The artist Ahaad Alamoudi, born in Jeddah in 1991, grew up between England and Saudi Arabia. Her work begins from the alternating standpoints of embeddedness and exteriority, playing with cliches, visual tropes, and traditional perceptions in an often humorous, self-aware ethnography.
Alamoudi reframes these traditional symbols, such as the falcon, camel, or kandoora (traditional men’s dress), in a practice that both documents the transformation of Saudi Arabia into a consumer marketplace, and suggests a sense of loss over its dying connection to its natural environment.
For her video installation for the 2017 version of 21,39 Jeddah Arts, Those Who Do Not Know Falcons Grill Them, she engineered a fantasy of falcon-hunting by merging historic and contemporary symbologies. She created an original textile print for the falcon hunters to wear and choreographed a dance in the desert representing the shift from the past to modernity.

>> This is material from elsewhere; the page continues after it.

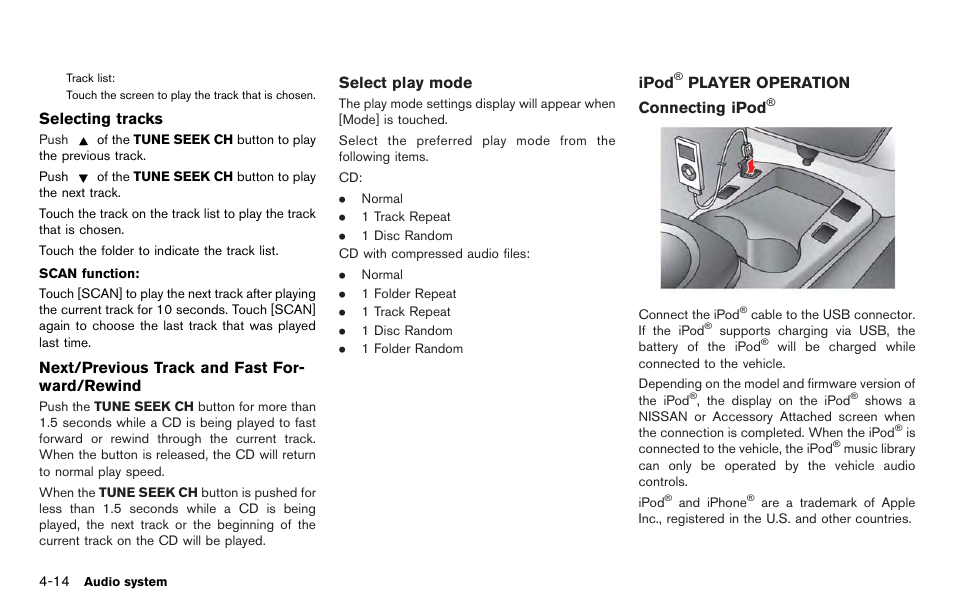 Ipod, Player operation -14 | NISSAN 2012 LEAF - Navigation System Owner's Manual User Manual | Page 144 / 259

Other works continue this interest in the body as bearer of tradition, questioning the extent to which one’s costume and appearance can be legible as a sign of culture, or indeed change. In a work produced while she was studying at the Royal College of Art in London, she imagined a Saudi in a kandoora dyed with pomegranates’ glut; in the multidisciplinary project HEAT BURNS (2020), she isolated the color Pantone: Yellow 102 to represent the heat in the Gulf, creating a suite of thobes (traditional mens’ dresses) and luxury products that gestured towards the aggressive positivity in marketing oriented towards Gulf Arabs.